Tonight I saw Wild, starring Reese Witherspoon and Laura Dern.
Everyone processes grief differently: some hide and retreat for the privacy; others weep every day until their tears run dry. Cheryl Strayed (Witherspoon) coped with the loss of her young mother (Dern) by having extramarital affairs and shooting heroin.
When those recreations weren't satisfying her anymore, she divorced her husband and hiked the Pacific Crest Trail from California to Oregon—completely alone. She wrote a book about her journey, which is what this film is based upon.
Of course, because she wasn't a nature enthusiast or even regular hiker, Strayed wasn't truly prepared for what was in store. She read guidebooks and bought fancy supplies at REI, but when she got to the trail, her bag was too heavy, she didn't know how to pitch a tent or use her stove properly and her shoes didn't fit. Admirably (or stupidly, depending on how you look at it), she pressed on.
She encountered everything from foxes to snakes along the trail, and with the exception of one pair of creepy men, several human beings who were nothing but kind. Watching this just may restore your confidence in humanity.

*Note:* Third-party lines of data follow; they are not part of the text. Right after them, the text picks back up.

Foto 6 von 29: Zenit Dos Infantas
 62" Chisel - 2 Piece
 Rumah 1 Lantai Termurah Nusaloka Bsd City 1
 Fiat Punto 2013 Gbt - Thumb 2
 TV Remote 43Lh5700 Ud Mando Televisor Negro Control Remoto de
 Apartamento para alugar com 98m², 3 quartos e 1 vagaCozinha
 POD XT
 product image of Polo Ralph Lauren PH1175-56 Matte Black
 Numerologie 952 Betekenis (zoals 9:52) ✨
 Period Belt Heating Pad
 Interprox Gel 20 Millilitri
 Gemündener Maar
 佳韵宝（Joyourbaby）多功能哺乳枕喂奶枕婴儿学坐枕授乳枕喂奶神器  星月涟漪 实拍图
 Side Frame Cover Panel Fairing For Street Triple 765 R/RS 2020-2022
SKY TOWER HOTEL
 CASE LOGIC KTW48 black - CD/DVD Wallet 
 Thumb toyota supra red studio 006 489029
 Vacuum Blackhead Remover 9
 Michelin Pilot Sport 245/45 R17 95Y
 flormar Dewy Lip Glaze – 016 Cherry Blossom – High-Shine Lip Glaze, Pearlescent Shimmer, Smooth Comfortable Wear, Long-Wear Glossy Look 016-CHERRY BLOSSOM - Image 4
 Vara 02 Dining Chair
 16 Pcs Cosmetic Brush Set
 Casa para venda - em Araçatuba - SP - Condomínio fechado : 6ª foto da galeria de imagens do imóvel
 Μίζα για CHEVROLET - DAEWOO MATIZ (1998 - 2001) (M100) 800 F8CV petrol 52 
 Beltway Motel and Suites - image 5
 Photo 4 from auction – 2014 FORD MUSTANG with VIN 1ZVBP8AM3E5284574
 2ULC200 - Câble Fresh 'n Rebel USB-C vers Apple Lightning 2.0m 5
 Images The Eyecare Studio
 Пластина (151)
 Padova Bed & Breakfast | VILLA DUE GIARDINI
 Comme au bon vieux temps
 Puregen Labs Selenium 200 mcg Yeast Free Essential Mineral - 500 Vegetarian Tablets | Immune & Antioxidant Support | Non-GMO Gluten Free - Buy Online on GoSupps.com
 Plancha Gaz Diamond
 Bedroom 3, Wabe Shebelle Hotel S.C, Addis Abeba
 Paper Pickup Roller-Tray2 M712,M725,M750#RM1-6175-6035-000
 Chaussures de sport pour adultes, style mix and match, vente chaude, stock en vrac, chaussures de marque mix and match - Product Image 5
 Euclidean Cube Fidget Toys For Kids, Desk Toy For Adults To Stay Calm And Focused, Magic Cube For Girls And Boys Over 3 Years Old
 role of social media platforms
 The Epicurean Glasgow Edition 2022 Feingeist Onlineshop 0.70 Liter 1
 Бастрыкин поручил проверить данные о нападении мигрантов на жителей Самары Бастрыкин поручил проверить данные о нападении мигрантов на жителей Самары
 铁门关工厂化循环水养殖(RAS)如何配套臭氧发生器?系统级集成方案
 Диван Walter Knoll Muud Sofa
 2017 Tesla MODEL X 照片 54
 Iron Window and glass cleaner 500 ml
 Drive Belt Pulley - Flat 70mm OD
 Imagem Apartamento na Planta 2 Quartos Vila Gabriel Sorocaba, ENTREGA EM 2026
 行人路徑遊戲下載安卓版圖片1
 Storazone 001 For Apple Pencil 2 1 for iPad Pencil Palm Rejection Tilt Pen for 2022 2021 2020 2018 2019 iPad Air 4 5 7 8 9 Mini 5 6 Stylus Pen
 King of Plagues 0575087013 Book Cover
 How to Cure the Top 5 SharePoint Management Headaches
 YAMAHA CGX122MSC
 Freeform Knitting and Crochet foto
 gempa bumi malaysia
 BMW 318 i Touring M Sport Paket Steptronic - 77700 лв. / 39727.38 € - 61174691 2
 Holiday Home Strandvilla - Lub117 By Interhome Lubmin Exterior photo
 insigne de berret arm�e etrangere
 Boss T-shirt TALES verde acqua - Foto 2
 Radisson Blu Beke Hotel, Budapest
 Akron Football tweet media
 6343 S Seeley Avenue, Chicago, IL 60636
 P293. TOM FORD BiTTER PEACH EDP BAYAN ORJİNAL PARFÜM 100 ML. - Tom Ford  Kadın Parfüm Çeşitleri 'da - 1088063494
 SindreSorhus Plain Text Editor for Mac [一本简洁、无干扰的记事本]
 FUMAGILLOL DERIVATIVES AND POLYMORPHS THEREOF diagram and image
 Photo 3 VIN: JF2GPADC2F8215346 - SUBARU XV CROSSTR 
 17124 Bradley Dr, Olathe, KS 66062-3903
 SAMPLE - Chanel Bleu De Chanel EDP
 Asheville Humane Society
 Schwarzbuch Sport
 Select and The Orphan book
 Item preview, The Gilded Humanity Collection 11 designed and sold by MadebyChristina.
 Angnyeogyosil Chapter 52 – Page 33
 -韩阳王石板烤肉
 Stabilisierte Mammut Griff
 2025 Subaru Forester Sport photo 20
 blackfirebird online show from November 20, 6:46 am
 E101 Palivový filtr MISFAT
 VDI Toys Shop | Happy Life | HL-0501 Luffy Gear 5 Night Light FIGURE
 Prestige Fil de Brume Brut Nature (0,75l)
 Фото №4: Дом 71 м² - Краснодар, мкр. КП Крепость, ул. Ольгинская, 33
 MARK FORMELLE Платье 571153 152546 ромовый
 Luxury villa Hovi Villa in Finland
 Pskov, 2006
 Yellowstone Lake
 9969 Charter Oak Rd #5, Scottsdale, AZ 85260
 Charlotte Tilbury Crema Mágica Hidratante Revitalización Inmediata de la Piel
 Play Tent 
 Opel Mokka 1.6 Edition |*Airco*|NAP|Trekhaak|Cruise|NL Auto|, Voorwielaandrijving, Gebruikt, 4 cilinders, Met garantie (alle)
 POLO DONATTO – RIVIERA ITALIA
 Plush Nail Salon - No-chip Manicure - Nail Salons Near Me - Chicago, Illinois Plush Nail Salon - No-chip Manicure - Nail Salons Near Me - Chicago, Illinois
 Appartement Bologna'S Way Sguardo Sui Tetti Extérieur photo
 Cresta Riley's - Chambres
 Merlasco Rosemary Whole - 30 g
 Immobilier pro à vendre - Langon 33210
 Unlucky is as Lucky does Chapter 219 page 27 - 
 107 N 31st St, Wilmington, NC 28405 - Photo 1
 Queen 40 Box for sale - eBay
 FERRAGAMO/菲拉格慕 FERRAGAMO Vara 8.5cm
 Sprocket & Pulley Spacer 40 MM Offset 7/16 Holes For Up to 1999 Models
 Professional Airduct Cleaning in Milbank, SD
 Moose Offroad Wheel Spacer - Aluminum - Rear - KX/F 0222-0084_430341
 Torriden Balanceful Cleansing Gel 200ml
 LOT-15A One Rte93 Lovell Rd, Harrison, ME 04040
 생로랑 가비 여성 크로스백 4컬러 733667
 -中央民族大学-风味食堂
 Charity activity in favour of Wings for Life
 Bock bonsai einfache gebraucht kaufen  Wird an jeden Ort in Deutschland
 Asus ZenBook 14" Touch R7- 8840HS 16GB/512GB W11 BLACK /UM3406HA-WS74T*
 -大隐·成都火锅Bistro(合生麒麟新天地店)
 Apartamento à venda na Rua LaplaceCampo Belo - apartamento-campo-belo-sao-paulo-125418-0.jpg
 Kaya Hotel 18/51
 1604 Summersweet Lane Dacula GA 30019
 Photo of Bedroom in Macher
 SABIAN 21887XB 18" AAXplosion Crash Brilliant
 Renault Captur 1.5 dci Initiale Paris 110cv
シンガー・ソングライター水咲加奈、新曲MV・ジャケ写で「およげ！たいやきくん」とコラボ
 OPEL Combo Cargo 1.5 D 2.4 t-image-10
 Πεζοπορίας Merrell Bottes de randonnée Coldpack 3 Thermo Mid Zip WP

Witherspoon does a stellar job of making Strayed's pain seem authentic and her mistakes almost necessary. What judgmental folks who scoff at the path she took will overlook is that at the heart of everything, she was searching for an experience to expel the grief that she couldn't let go of in any normal scenario.
I've never lost a parent, but I have lost love in life and it took me years to recover from it because I wasn't able to completely lose myself in that grief and step outside myself to process it.
Strayed gave herself a great gift by completing her trip and she gave us a great gift by sharing that journey. More than a story of pain, it's a meditation on healing.
We could all learn a thing or two from her courage.